The physicist and popular science writer Victor J. Stenger died on August 27, 2014, at the age of 79, according to the Friendly Atheist blog (August 29, 2014). Toward the end of his long career as a research scientist, Stenger began devoting his efforts toward popular writing. He continued explaining physics and arguing for atheism long after retiring from his academic career. Among his works (all published by Prometheus Books) were Not by Design (1988), Physics and Psychics (1990), The Unconscious Quantum (1995), Timeless Reality (2000), Has Science Found God? (2003), The Comprehensible Cosmos (2006), God: The Failed Hypothesis (2007), Quantum Gods (2009), The New Atheism (2009), The Fallacy of Fine-Tuning (2011), God and the Folly of Faith (2012), and God and the Atom (2013). A final book, God and the Multiverse, is forthcoming in 2014.

Stenger was a consistent and vehement opponent of creationism in all of its forms. In his "Physics, Cosmology, and the New Creationism," his contribution to Andrew J. Petto and Laurie R. Godfrey's Scientists Confront Creationism: Intelligent Design and Beyond (2007), for example, he contended, "Modern variations of the ancient argument from design form the basis of the new creationism — so-called 'intelligent design' theory. These arguments amount to nothing really new and are just restatements — in ostensibly more sophisticated language of the common-sense view — that the universe and life appear to be too complex to have happened without supernatural intervention. However, the new creationism poses as science. Despite their pretense of scientific legitimacy, several of the claims of this new 'science' are provably wrong" (emphasis in original).

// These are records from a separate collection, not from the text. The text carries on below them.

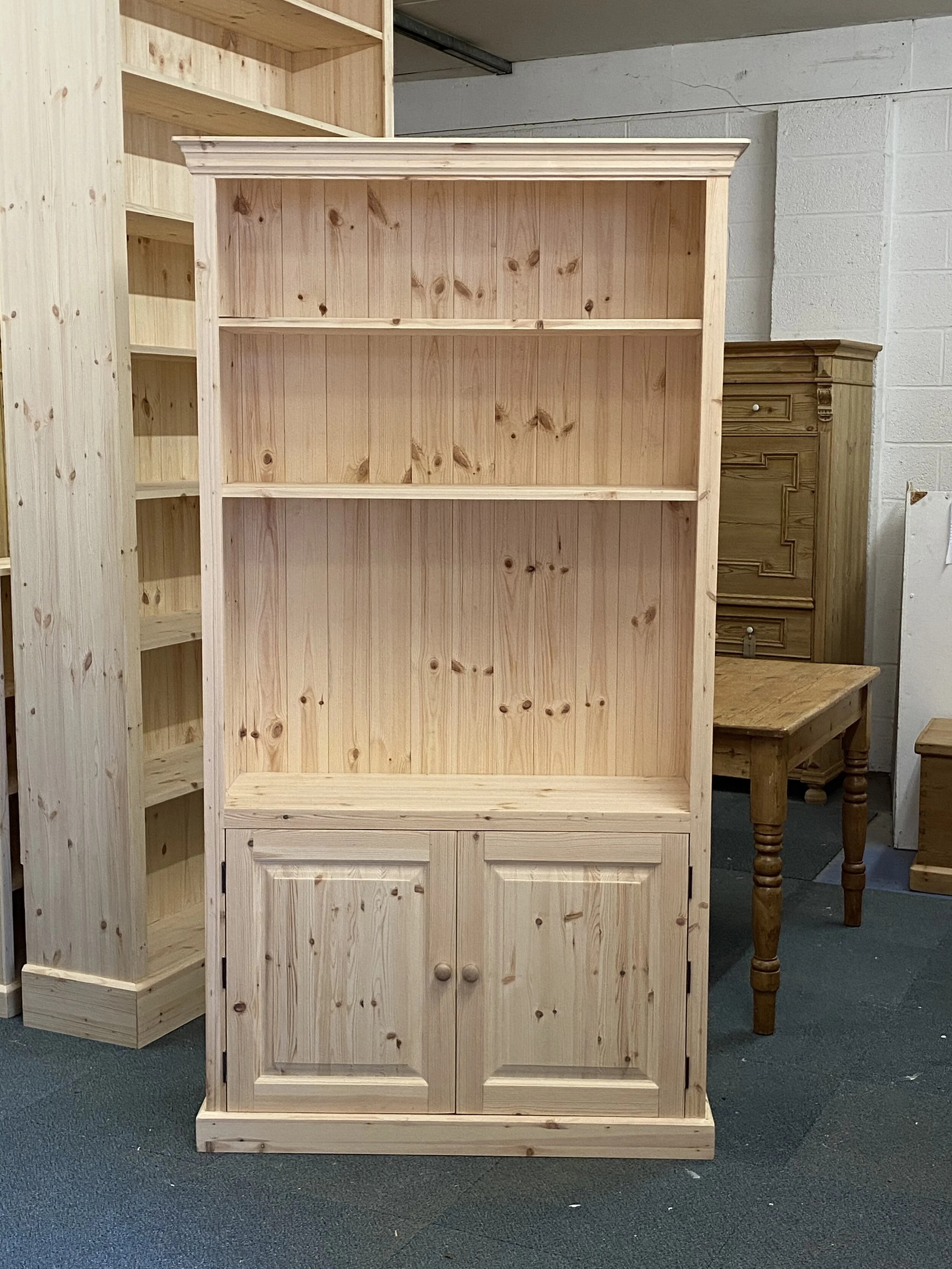 Tall pine tv cupboard in bare wood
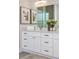 Bright bathroom features white cabinets, granite counters, and modern decor at 839 Waterfern Trail Dr, Auburndale, FL 33823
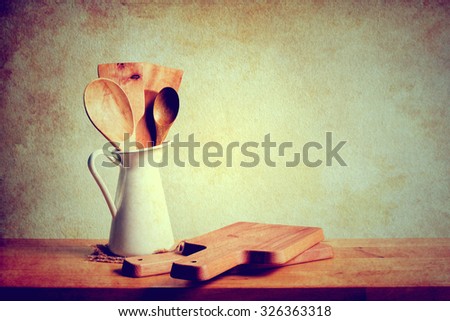 Kitchenware with wooden ladle, wooden spoon in white vase and wooden cutting boards on wooden table over grunge background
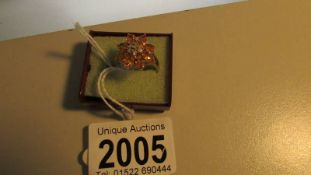 A yellow gold natural yellow sapphire and diamond ring, size R, 5 grams.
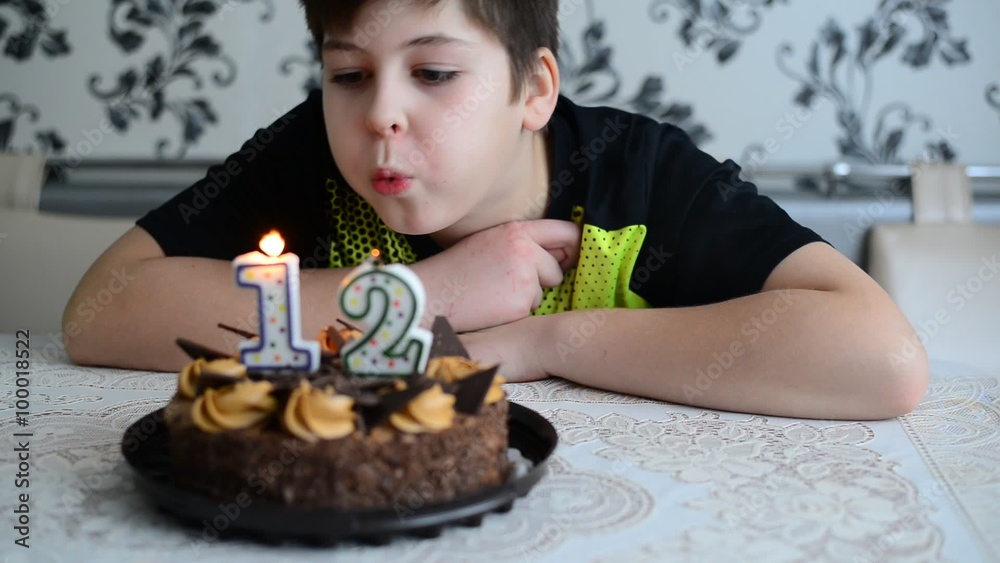 The boy blowing on  cake candles  with  number twelve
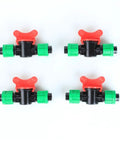 Set of four Irrigation In Line Barbed Shut Off Valve With Locking Fitting for half inch drip tape tubing against white background.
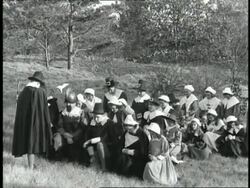 Pilgrims in Massachusetts kneel in a field and pray during a 1660s era reenactment. News Clip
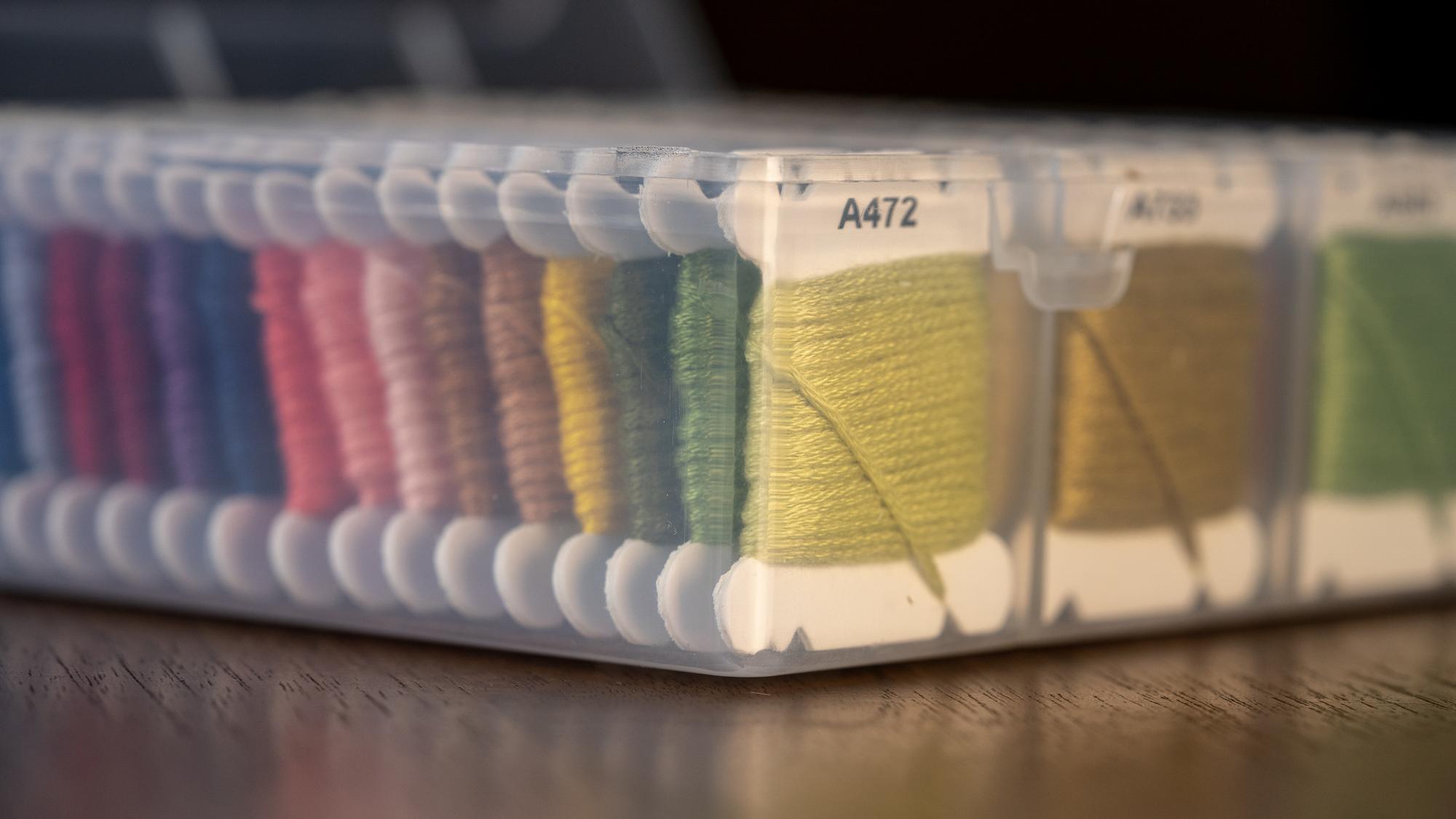 Stack of finished embroidered samples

Stenger was born in Bayonne, New Jersey, on January 29, 1935. He received a B.S. in electrical engineering from Newark College of Engineering in 1956, followed by a M.S. in 1958 and a Ph.D. in physics in 1963 from the University of California, Los Angeles. He was a member of the Department of Physics at the University of Hawaii from 1963 to 2000, with stints visiting at the University of Heidelberg, Oxford University, and the Istituto Nazionale di Fisica Nucleare in Italy. After he retired from the University of Hawaii, he was adjunct professor of philosophy at the University of Colorado. A Fellow of the Center for Inquiry and the Committee for Skeptical Inquiry, he served as president of the Hawaii Humanists from 1990 to 1994 (and was named the Hawaii Humanist of the Year in 1992) and as president of Colorado Citizens for Science from 2002 to 2006.